SAN FRANCISCO - Google’s memory is getting a little shorter. Just not short enough for some. The company adjusted its policies Wednesday to answer complaints that it never forgets what users have looked for.
Google said it would continue to collect and maintain an internal database of search-engine queries — as diverse as “digital camera” and “bomb making instructions” — tied to the specific addresses of the computers on which they were entered. But it will “anonymize” the data by stripping addresses from the records after 18 to 24 months. That’s enough time, according to Google, to keep law enforcement officials happy and satisfy its quality-control needs.
“We think this change will strike the right balance,” Google Deputy General Counsel Nicole Wong said.

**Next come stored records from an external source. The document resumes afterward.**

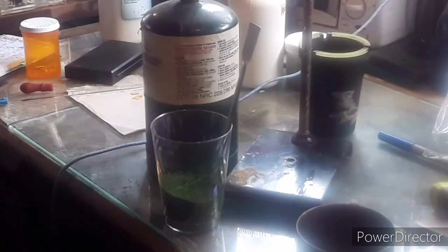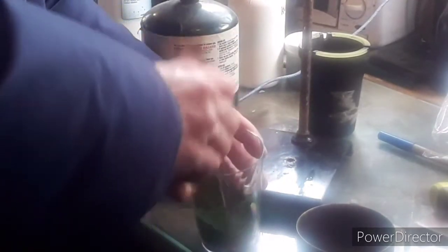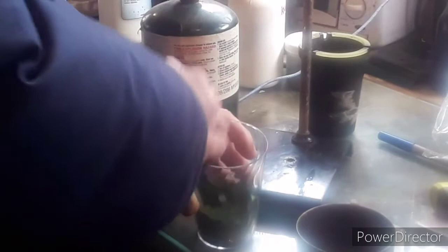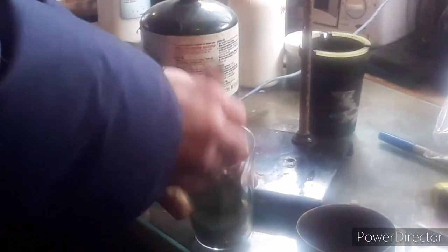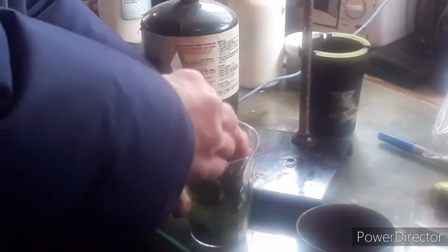Hey guys, I'm back. Sorry about the rather long hiatus. What I'm doing today is I'm going to make potassium chromate and dichromate from chrome oxide. This cup has 25 grams of chromium oxide — Cr2O3 — the cheapest form of chromium I can find. There's also 25 grams of potassium nitrate and 25 more grams of potassium hydroxide. I'm stirring it to get as intimate and homogenous a mixture as I possibly can.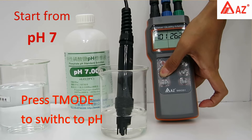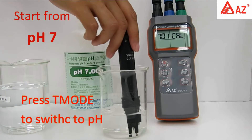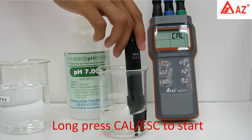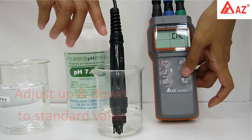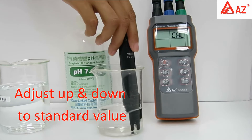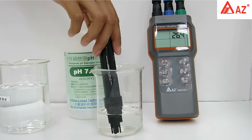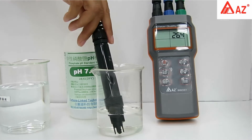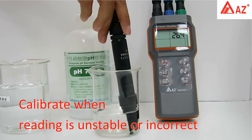For pH calibration, start with pH 7. Press T/Mode to select the probe type, then long press Cal to enter calibration. Set the standard value using the up and down keys. Use a transparent container and make sure the pH electrode is completely immersed in buffer. Stir gently to get a homogeneous condition. Calibrate when the pH reading is unstable or incorrect.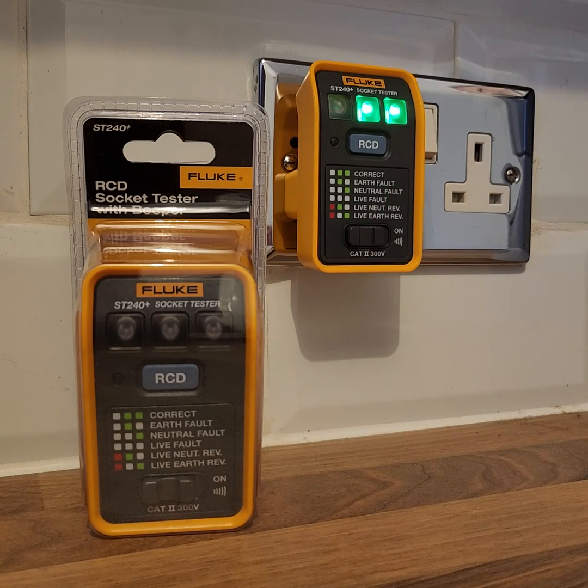So there we have the new Fluke ST240 Plus plug-in socket tester. Thanks for watching.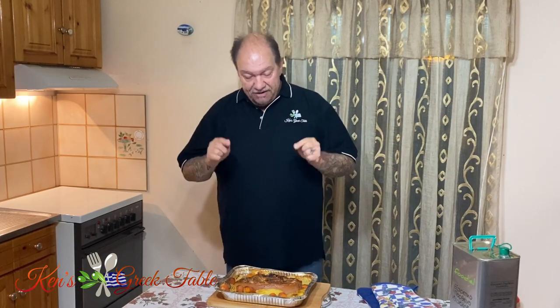Thank you so much for watching. Please hit that like button if you enjoyed this video. Consider subscribing if you haven't already. For this recipe and so many others, check me out online at kensgreektable.com. Until next time, much love from Greece and I will see you on the next one. Bye for now.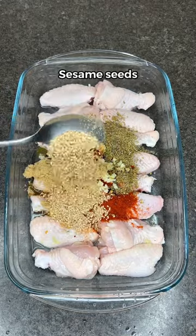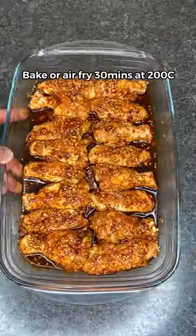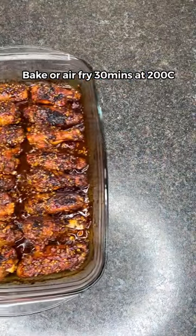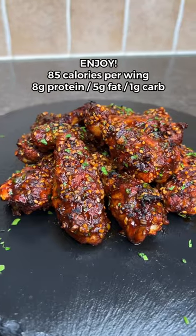Add brown sugar, stevia, sesame seeds, and soy sauce. Mix until each piece is well coated, then bake or air fry for 30 minutes at 200 degrees. Garnish with parsley and that's it — you're ready to enjoy these delicious wings!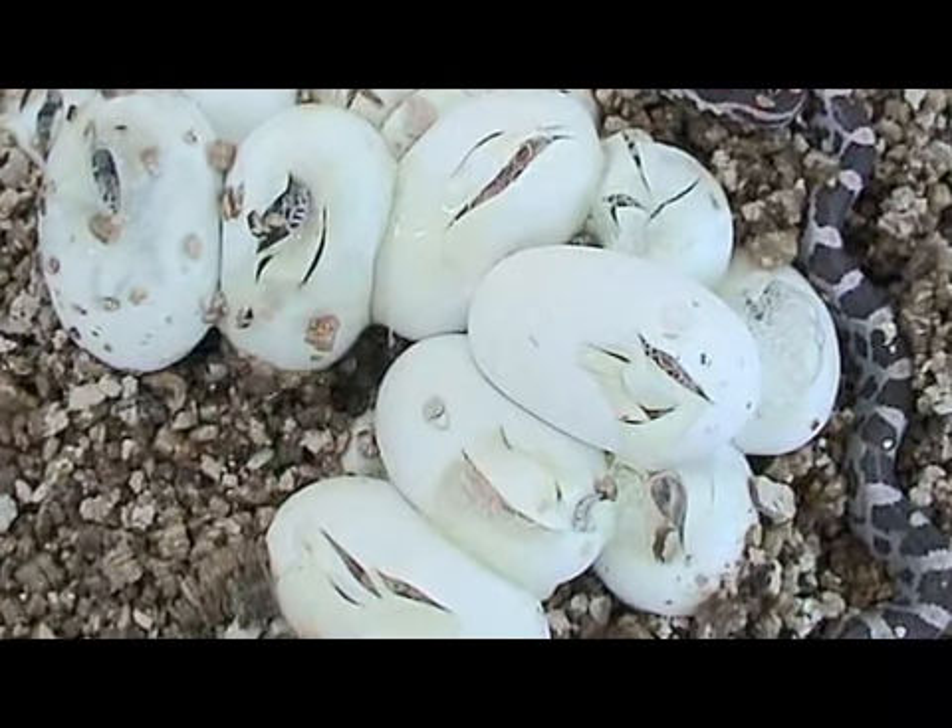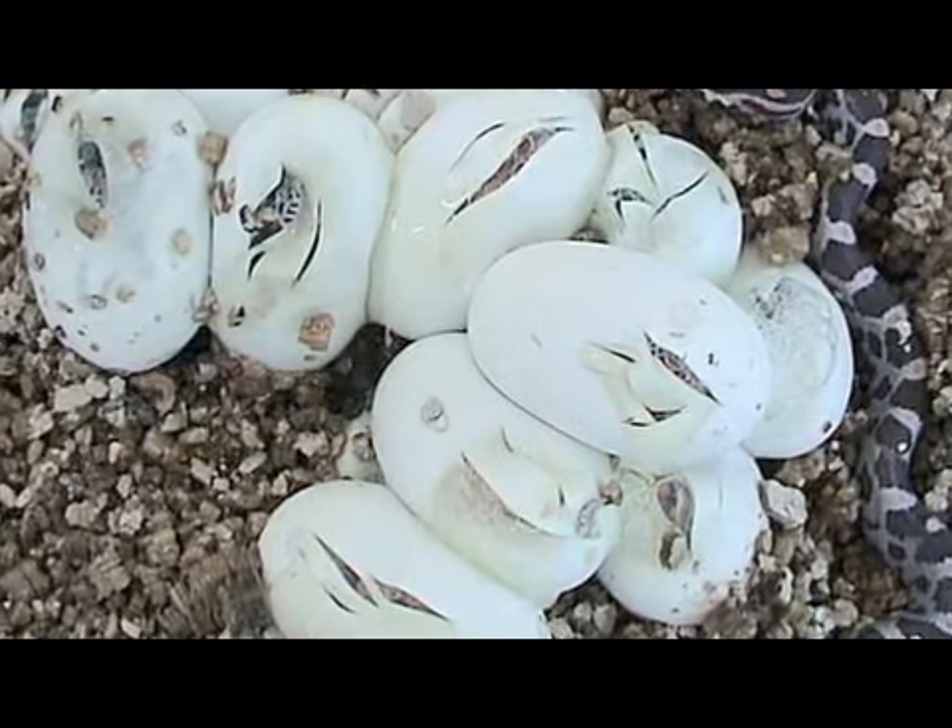Out in the wild, snakes will usually lay their eggs in a soft substrate such as soft soil, leaves, or a sawdust pile — somewhere that has high humidity but not too wet, and generally at a fairly constant temperature. Most snake eggs will incubate in the low 80s.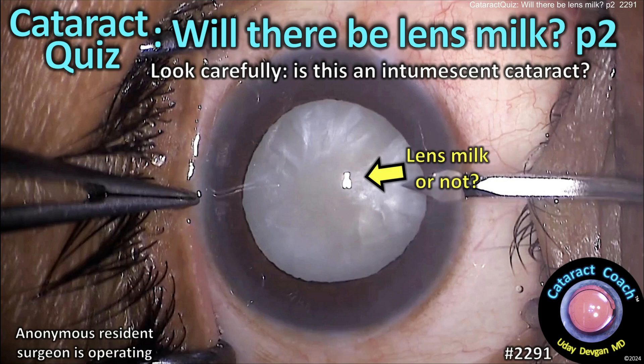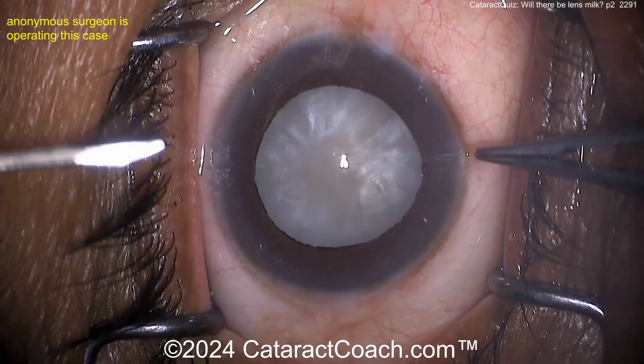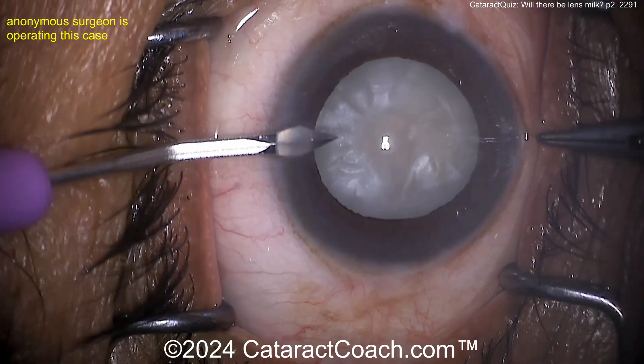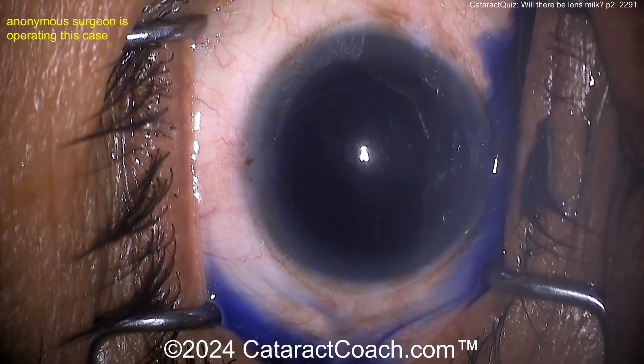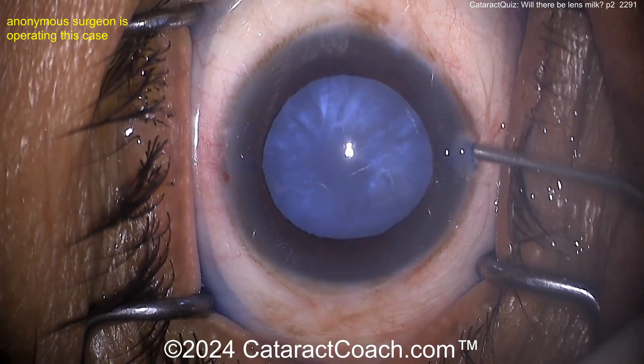Cataractcoach.com cataract quiz: will there be lens milk? Part two. Look carefully — is this an intumescent white cataract? It looks pearlescent, like a pearl. See that shimmer? There are water clefts present and liquefied lens material for sure. This is going to be an intumescent cataract.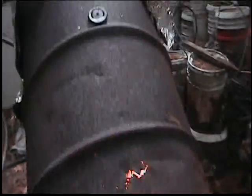Babington burner really making a lot of fire. I put a 55 gallon drum here for a steam generator, building up some steam pressure here. Blow the whistle — steam powered whistle.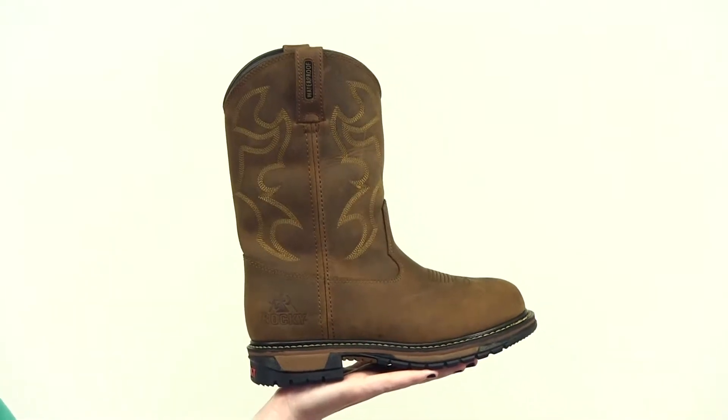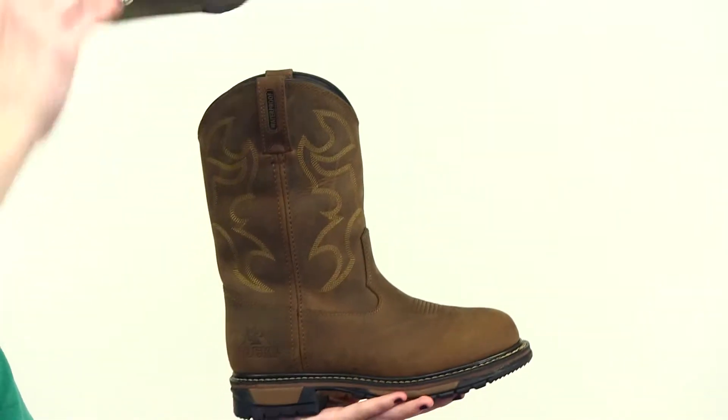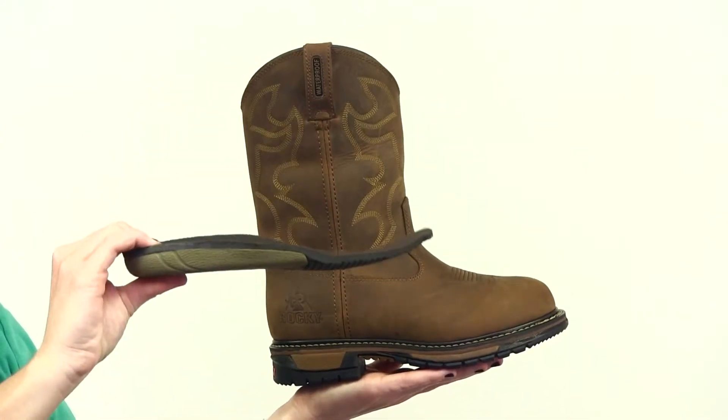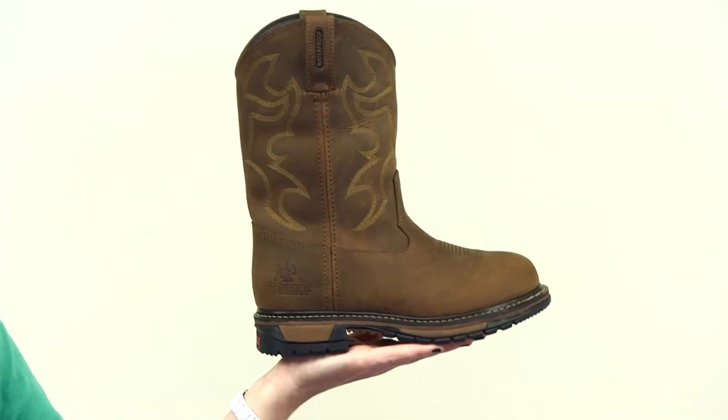This Women's Original Ride Western Boot features Rocky's guaranteed waterproof construction. The exclusive eight-layer Original Ride Performance System features a removable, dual-density polyurethane footbed, a welt inner sole, double ribbed tempered steel shank, and a lightweight midsole.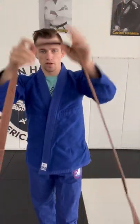All right, how to tie your jiu-jitsu belt in under a minute. We're going to cross the left side lapel over the top because it has the tag on it. That's the formal way to do it.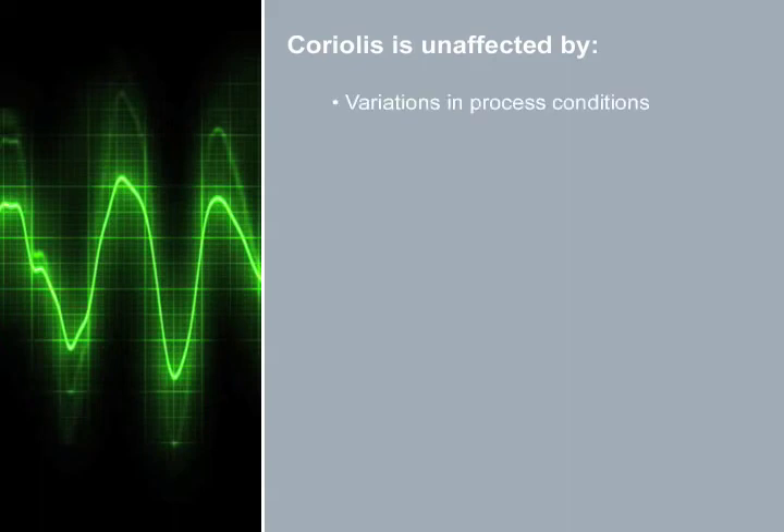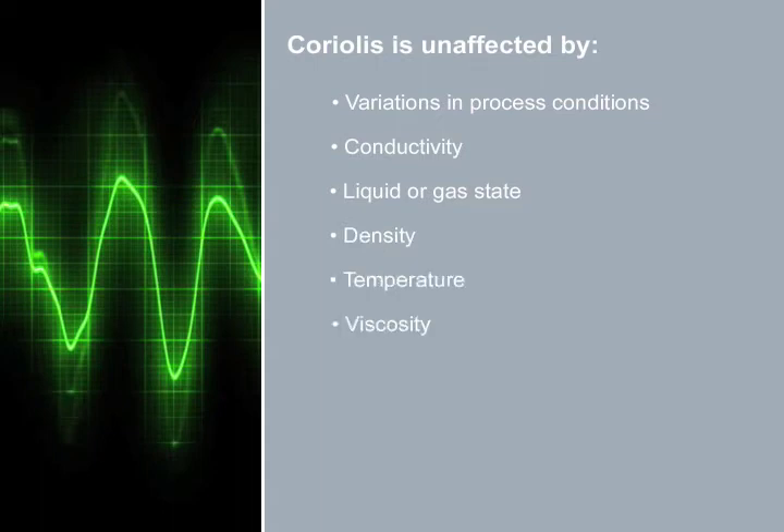Our Coriolis Flow Meter is the most accurate flow meter on the market. This accuracy can be obtained under even very tough conditions. Unlike other flow meters, the Coriolis Flow Meter delivers accurate and reliable performance, independent of fluctuations in process conditions and parameters such as conductivity, liquid or gas state, density, temperature, viscosity, and pressure. The versatility doesn't stop here.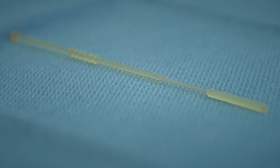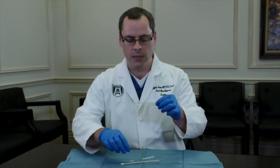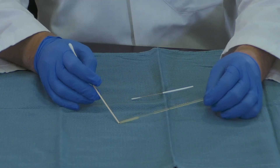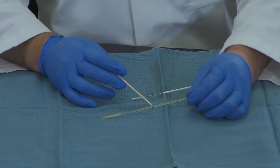We've been able to develop a 3D printed version of a nasopharyngeal swab. This printed version has an increased surface area to collect specimen at the nasopharynx. It has your standard breakpoint for all standard swabs to be placed into your transport vial.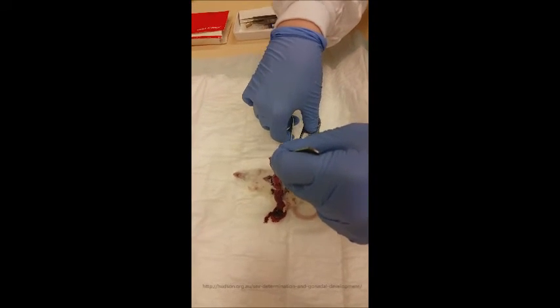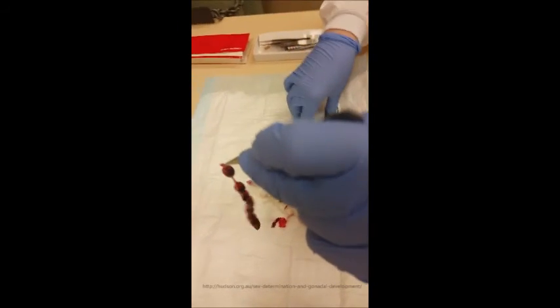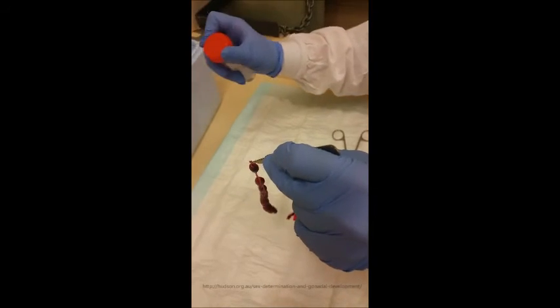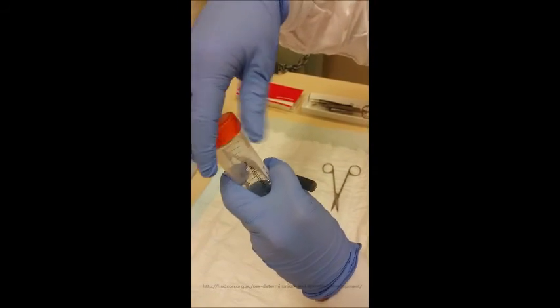You just need to cut away there, and what you'll end up with is a big long string of embryos. Then you just put them into ice-cold PBS, which will anaesthetize them.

Some privacy advocates wonder why search records should be kept for even 18 days. Microsoft Corp. and AOL, which run smaller search engines than industry leader Google, say they dump them almost immediately in the U.S.
“There is more that could be done,” Kurt Opsahl, staff attorney with privacy group Electronic Frontier Foundation, said about Google’s new policy. “It would be nice to see the window narrowed to a shorter time frame. The shorter the better.”
The search-records issue hit the public consciousness last year when a federal judge denied Justice Department officials access to most of the millions of search queries, arguing that handing over the records would violate people’s privacy.
On Wednesday, Google said it had good reason to keep records of who searched for what: It can help the company better understand what people are seeking, how quickly they’re finding it and what ads they’re clicking on. Search records also help Google recommend related search terms based on the country or region where the user is.
Last year, the European Union ordered phone and Internet companies to retain traffic data tied to individual computer addresses for six to 24 months to help police investigate crimes. “At the same time,” Google spokeswoman Victoria Grand said, “we wanted to implement a policy to show our users that we’re concerned about their privacy by creating more transparencies and certainties about our data-retention practices.”